The past week was the start of the fall quarter at Stanford. I am taking CS330 Deep Multi-Task and Meta Learning in this quarter and I am super excited about it.
Meta Learning is one of the promising lines of work that aim to solve the small data problems in machine learning field. Currently, many people working on AI are thinking day and night about how to scale AI systems and improve their profit margins. One main challenge to solve is how to quickly build an AI model that reaches human level performance on classes with only few samples. The Andreessen Horowitz recently had a very good discussion on this issue to improve AI economics.
In the space of manufacturing, for example, people generally believe in the potential of AI technology and there are proofs that AI models are better than the traditional pattern matching-based CV techniques in accuracy and robustness; however, a fundamental constraint that is blocking many of the AI applications from successful deployment is that if a new defect type appears or the process changes, AI models need to be re-trained, which usually requires a non-trivial amount of samples and a few rounds of model iterations. The landing of AI systems will be more practical and scalable if AI models can reach >99% precision and recall by training on only a few samples if the capability of AI models on recognition and detection can be more transferable across different tasks, and if AI models can master at learning how to learn new tasks. The capability of learning how to learn is what we called Meta-Learning. That’s what makes me very excited about this course.

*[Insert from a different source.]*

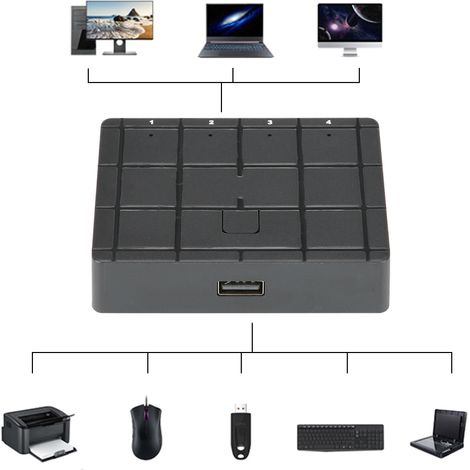 Commutateur USB 4 entrées 1 sortie pour Windows 7/8.1/10, périphérique PC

The instructor of this course is Chelsea Finn, who is teaching this course for the second year. Chelsea has been working on reinforcement learning and meta learning at Berkeley BAIR and Google Brain and she has been publicly sharing her research on Twitter a lot. I really like her passion and mindsets, which is another main factor that attracts me to this course.

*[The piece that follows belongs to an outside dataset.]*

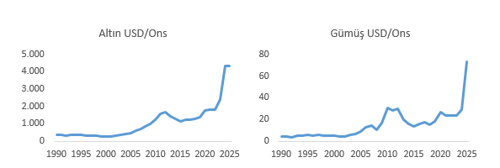 Neden y&uuml;kseliyor? Mahfi Eğilmez, altın ve g&uuml;m&uuml;şte beklentisini a&ccedil;ıkladı - Resim : 3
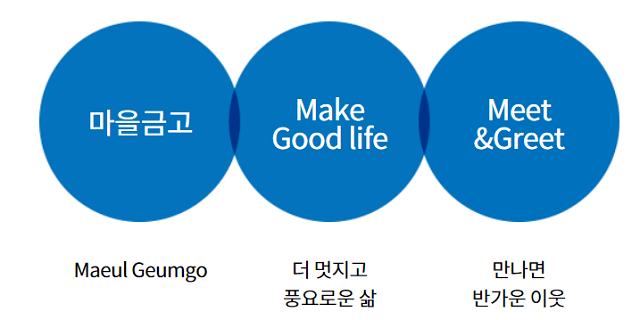 새마을금고 출자금통장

The first two lectures have been fine. In the second lecture, Chelsea started on multi-task learning and mostly focusing on how to choosing condition on the task descriptor and design the architecture of shared parameters in the multi-task models. When she came to the objective and explained the loss function that combines losses from different tasks, I realized that the mainstream of object detection models largely overlaps with this area. From the perspective of multi-task learning, the object detection models like RetinaNet are learning two tasks at the same time: localization of the target objects (by creating bounding boxes) and classifying the objects to be one of the designated classes (by assigning a class). Both tasks are depending on the models’ deep understanding of the images’ contents, so they sharing lots of weights and the multi-head architecture is the mainstream. In past work, we always tied the bounding box labels and classification labels closely: each bounding box needs to have a class. However, from the perspective of the multi-task learning, such practice is not useful but not necessary — you can separate them as complete two tasks, so it’s fine if an image has bounding boxes but no classification labels (maybe not in reverse). That means you can discard or change some of the classification labels while retaining the bounding boxes when, for example, you split a class into multiple sub-classes or if you update your class definition.
As I learn more about the multi-task learning, I find the optimization approach is not very distinct from the vanilla deep neural network: you still use back-propagation on the gradient of losses and you handle the overfitting/underfitting in the similar fashion. You still approach the problem with the same three key components: the input data distribution, the output data distribution given the input, and the loss function. The core underlying technology doesn’t change from single-task learning; only the problem statement and the architecture. This then extends the application of deep learning into a bigger scope of work and powers real-life applications like multi-task YouTube recommendation and text embedding system in Pinterest. The knowledge of neural networks may not transfer that well, but our human knowledge transfer across problems very well indeed.